FILE - A fisherman sits as fishing vessels are seen docked after fishing operations stopped at a port in Samut Sakhon province, Thailand.

FILE - A fisherman sits as fishing vessels are seen docked after fishing operations stopped at a port in Samut Sakhon province, Thailand.

Cambodian authorities must cooperate with Thailand to reform illegal fishing practices there, a lawmaker says.

It must also work to ensure that some 230 Cambodian fisherman recently rescued from illegal operations off the coast of Indonesia are supported and are not forced to return to a similar fate, Mu Sochua, a lawmaker for the opposition Cambodia National Rescue Party, told “Hello VOA.”

Cambodia must strengthen its cooperation with Thailand, where many Cambodians migrate to work, both legally and illegally, to ensure their rights are protected, she said.

“'There must be cooperation between Cambodia and the Royal Government of Thailand through negotiations in order to protect human rights of every citizen, especially migrant workers,” said Mu Sochua, who is in charge of women, children, and migration in the office of minority leader at the National Assembly.

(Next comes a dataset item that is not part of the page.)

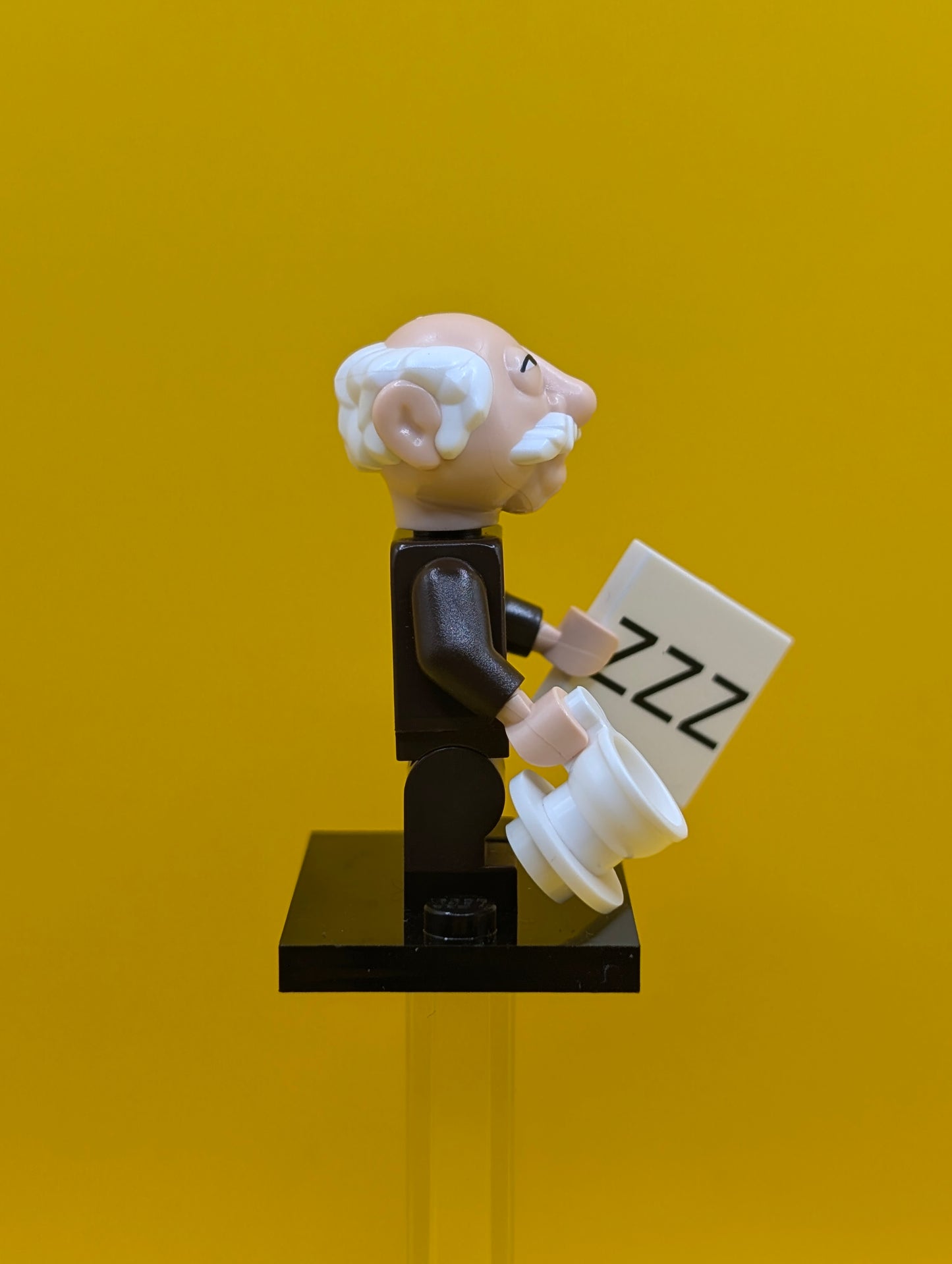 Waldorf coltm-9 The Muppets (Complete Set with Stand and Accessories) Lego Muppets Minifigure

Her office received 10 complaints in May and June of cases involving Cambodians who paid fees to find work in Thailand and then either didn’t get the job they were promised or have gone missing.

The governments of Cambodia and Thailand “have not been talking seriously to put strict conditions” on labor practices, she said. “They tend to deal with the problem case by case…with no clear policy.”

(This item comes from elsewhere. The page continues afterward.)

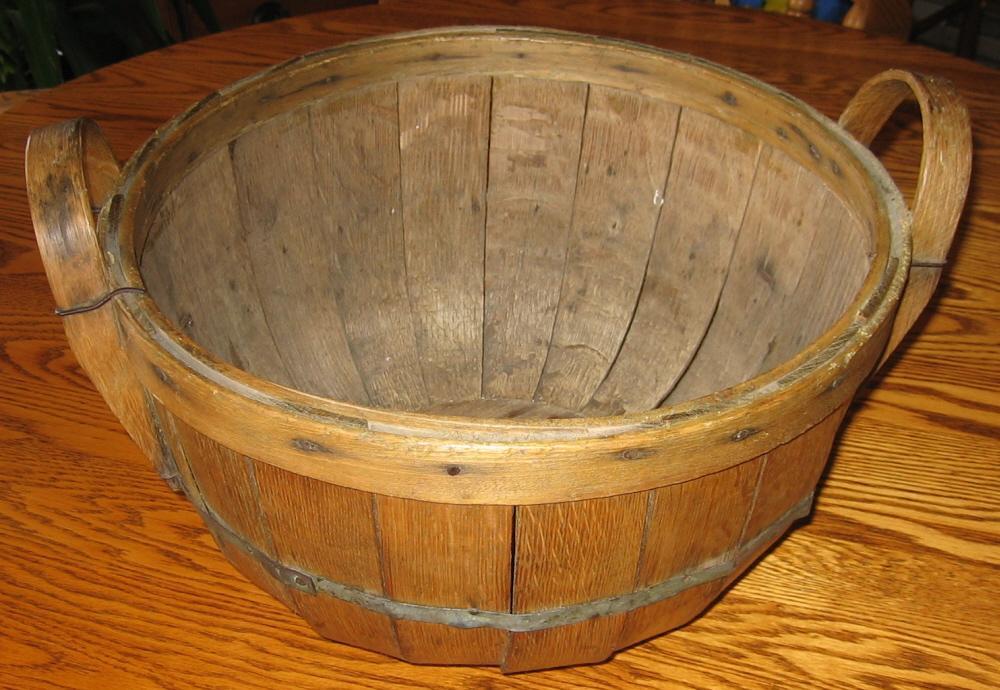 Rare 1/2 Bushel Oak GATHERING BASKET - Antique Field Harvest Basket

In the meantime, people need to be given job skills, which would improve safe migrant work, she said. Otherwise, their low skill leaves people open to exploitation. Those who are rescued and returned home need to be given more skills, too, or they will be forced to migrate again and be put in jeopardy again, she said.

Sreav Kry, a former worker who just returned to the country last month, is a good example. He said that he left for Thailand voluntarily, but later was forced to work on a Thai trawler for nearly 10 months before he was rescued. He now has few skills to start a new profession, and no means to sue the company that took his money in the first place.